Red Light, which I have only visited once, was named after the first traffic light to be installed in Monrovia, way before the civil wars. Now, it’s just a swirling chaos of cars and trucks – no traffic light to be found, weaving in and out of makeshift booths selling regular market goods, innumerable motorbikes and people. Red Light is where to go to catch a car going out of town, or be dropped off on the way in. On our way through, we saw a man getting a tattoo next to his motorbike in the middle of all the people, dirt, and grease. Since I am now almost halfway through my service, I can’t see myself needing to come back to Monrovia anytime soon, especially since next time I probably won’t be so lucky as to have Peace Corps driving me. I will, however, miss the chicken shawarma and sushi dinners I've had these two nights here.

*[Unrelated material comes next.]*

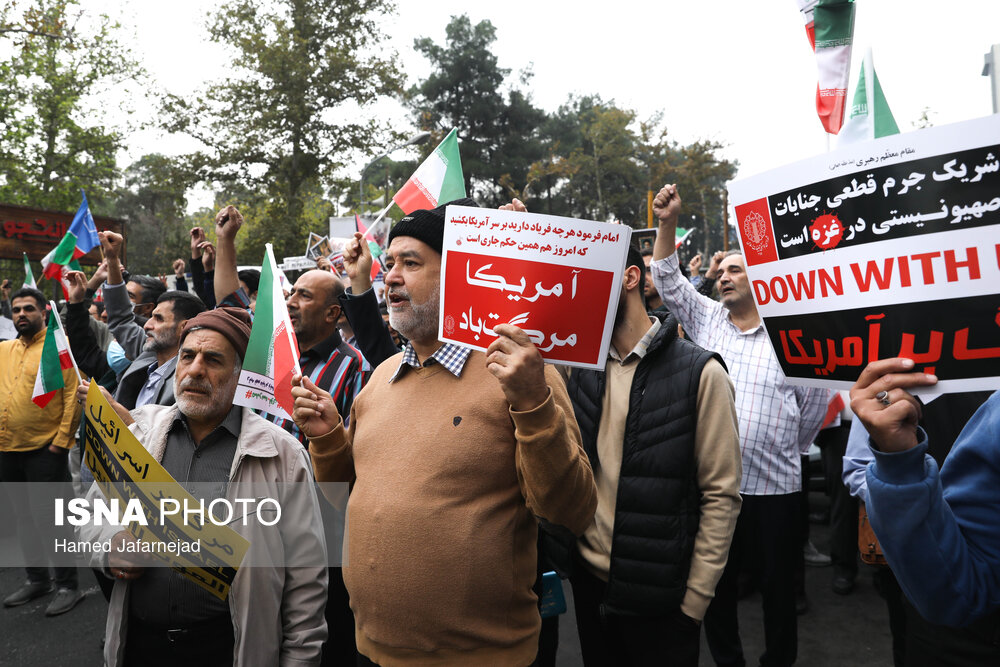 ددمنشی صهیونیست‌ها قلب آزادی خواهان جهان را به درد آورد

I am not a fan of driving – I prefer to ride my bike or take the bus and totally leave the driving to someone else, unless it’s a long road trip and the control-freak button in my brain has been activated. But occasionally I can appreciate a nice drive through town, or a longer trip out on the open road, with the windows down and the radio cranked up; regardless if I have to drive, I will, and I usually do a pretty good job of it. But I could never drive in Monrovia. Most drivers here are stupid, for lack of a better word. Stopping dead in the middle of the road without checking the rearview, driving in the middle even when there are actually four lanes for traffic, pulling out in front of other cars – you name it. The lack of available roads makes it twice as bad, because all of the cars are forced to take the same route. As I told Craig, if I had unlimited access to cash, roads would be my first investment for Liberia. There should have been a way to bypass the stadium on a busy night – just as I would avoid Grand and Oak streets on Sprint Center event nights. There are just too many cars and no way for them all to get where they want to go. Craig himself suggested adding police to direct traffic. Probably both are needed to turn Monrovia into a city that flows.